Twitter Interactions Analysis using Twinetverse


















Introduction

The goal of the twinetverse is to provide everything one might need to view Twitter interactions, from data collection to visualisation. This could be a powerful tool for social media analysis, since it could help visualizing how users communicate with one another on a given topic or how information spreads throughout the Twitter network.

On this article, we’re going to briefly explore the twinetverse, with creating a graph that link users to the users they retweet to fundamentally visualise how information spreads throughout Twitter.

Packages

The twinetverse package is available on Github

# install.packages("devtools")
devtools::install_github("JohnCoene/twinetverse") # github

The twinetverse includes three packages:

  • rtweet (Kearney 2018) : wraps the Twitter API, thereby giving R users easy access to tweets. fills the very first step in visualising Twitter interactions.
  • graphTweets (Coene 2019a) : extract nodes and edges from tweets collected with rtweet, fills the second step in visualising Twitter interactions, building the graphs from the collected data.
  • sigmajs (Coene 2019b) : visualise the networks we have built using graphTweets, is the last piece of the puzzle, visualising the graphs we have built.

Within the context of visualising Twitter interactions, each of the packages listed above fill in a specific need and a distinct step of the process, 1) collecting the data, 2) building the graphs and finally 3) visualising the graphs of said interactions.

The packages are pipe ( %>% ) friendly, therefore making it easy to go from building a graph to visualising it.

library(twinetverse)
## -- Attaching twinetverse ------------------------------------------------ twinetverse 0.0.2 --
library(tidyverse)

Prerequisites

API Authorization

All users must be authorized to interact with Twitter’s APIs.

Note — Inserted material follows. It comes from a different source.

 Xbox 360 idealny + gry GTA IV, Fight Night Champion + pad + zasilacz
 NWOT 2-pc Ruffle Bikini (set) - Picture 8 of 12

To access the API, you will need to create a Twitter Developer Account here: https://developer.twitter.com/en/apps.

After created one, you can now create an “app” to get keys and access tokens for use in the rtweet package. The set up process is rather simple, but if you need further explanation, you can head over rtweet’s official website here.

Notes on filling “app” application:
1. Website, simply put a valid website, you can link to your Twitter profile if you do not have one, i.e.: https://twitter.com/jdatap
2. Callback URL, this is important, in there put the following: http://127.0.0.1:1410, exactly as is.

Create & Save Token

You’re now setup with an app, take note of the crendentials of your app under “Keys and Access Tokens”, as you will need it to create your token and fetch tweets:

mytoken <- create_token(
  "My Application Name",
  consumer_key = "XxxxXxXXxXx",
  consumer_secret = "XxxxXxXXxXx",
  access_token = "XxxxXxXXxXx",
  access_secret = "XxxxXxXXxXx"
)

Ideally, also save it. There is no need to re-create a token everytime you want to download data.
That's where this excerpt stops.